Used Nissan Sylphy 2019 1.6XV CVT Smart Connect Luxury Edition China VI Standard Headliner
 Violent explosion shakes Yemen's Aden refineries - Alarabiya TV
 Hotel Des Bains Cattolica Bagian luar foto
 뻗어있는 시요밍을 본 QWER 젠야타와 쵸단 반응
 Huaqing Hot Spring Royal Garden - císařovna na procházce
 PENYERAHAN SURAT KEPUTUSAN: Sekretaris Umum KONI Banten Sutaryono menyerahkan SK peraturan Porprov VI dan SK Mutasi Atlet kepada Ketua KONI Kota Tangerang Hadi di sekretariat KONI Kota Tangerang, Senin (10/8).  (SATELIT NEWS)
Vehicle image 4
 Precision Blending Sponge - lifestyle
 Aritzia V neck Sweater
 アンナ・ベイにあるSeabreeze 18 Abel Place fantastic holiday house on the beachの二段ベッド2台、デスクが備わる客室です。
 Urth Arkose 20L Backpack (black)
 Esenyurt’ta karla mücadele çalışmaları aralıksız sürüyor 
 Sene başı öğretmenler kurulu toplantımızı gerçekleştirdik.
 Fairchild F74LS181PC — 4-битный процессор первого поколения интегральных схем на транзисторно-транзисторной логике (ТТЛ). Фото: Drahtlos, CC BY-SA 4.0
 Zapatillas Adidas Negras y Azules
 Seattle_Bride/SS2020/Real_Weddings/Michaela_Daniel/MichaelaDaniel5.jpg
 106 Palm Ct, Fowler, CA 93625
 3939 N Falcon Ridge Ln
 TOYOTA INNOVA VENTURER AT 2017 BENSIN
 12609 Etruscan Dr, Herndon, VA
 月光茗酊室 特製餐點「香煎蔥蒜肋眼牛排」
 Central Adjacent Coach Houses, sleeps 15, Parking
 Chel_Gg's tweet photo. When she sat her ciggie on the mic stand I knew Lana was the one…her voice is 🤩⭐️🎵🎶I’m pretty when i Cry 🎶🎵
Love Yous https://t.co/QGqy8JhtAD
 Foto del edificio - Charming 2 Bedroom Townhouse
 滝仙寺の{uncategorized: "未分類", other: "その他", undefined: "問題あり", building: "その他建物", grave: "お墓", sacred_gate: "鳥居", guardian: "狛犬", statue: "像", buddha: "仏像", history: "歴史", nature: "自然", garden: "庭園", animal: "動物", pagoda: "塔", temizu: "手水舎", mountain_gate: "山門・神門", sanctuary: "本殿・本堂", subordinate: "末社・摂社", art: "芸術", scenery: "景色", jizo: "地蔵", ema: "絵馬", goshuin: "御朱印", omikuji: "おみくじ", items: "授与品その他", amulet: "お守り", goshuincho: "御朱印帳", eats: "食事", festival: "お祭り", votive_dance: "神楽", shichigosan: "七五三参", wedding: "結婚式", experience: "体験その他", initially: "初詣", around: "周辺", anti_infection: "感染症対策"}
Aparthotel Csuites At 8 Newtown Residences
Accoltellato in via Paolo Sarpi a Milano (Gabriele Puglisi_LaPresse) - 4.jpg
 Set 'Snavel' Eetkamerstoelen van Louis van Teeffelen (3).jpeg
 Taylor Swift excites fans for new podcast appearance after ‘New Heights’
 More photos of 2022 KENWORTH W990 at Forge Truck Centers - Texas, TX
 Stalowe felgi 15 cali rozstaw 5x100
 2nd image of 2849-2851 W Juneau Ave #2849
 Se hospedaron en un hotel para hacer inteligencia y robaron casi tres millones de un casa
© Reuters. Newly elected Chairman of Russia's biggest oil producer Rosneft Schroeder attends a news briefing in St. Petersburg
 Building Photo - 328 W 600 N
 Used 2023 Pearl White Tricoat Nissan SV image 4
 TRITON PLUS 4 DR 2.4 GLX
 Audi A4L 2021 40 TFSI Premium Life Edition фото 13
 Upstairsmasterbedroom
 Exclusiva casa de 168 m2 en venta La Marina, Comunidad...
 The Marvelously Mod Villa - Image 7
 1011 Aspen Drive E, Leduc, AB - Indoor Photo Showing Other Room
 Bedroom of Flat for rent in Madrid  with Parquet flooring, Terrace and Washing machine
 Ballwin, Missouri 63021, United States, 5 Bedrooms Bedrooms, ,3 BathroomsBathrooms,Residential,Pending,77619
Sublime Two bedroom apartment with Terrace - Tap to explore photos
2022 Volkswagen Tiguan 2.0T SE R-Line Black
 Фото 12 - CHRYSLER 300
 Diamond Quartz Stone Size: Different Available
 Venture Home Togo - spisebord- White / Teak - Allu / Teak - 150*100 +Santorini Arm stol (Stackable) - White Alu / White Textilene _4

WHAT YOU NEED TO DO
Copy back the listing above exactly, but only from the line with "in St. Petersburg" through the line with "Sublime Two bedroom", both ends included.

EXERCISE SOLUTION
© Reuters. Newly elected Chairman of Russia's biggest oil producer Rosneft Schroeder attends a news briefing in St. Petersburg
 Building Photo - 328 W 600 N
 Used 2023 Pearl White Tricoat Nissan SV image 4
 TRITON PLUS 4 DR 2.4 GLX
 Audi A4L 2021 40 TFSI Premium Life Edition фото 13
 Upstairsmasterbedroom
 Exclusiva casa de 168 m2 en venta La Marina, Comunidad...
 The Marvelously Mod Villa - Image 7
 1011 Aspen Drive E, Leduc, AB - Indoor Photo Showing Other Room
 Bedroom of Flat for rent in Madrid  with Parquet flooring, Terrace and Washing machine
 Ballwin, Missouri 63021, United States, 5 Bedrooms Bedrooms, ,3 BathroomsBathrooms,Residential,Pending,77619
Sublime Two bedroom apartment with Terrace - Tap to explore photos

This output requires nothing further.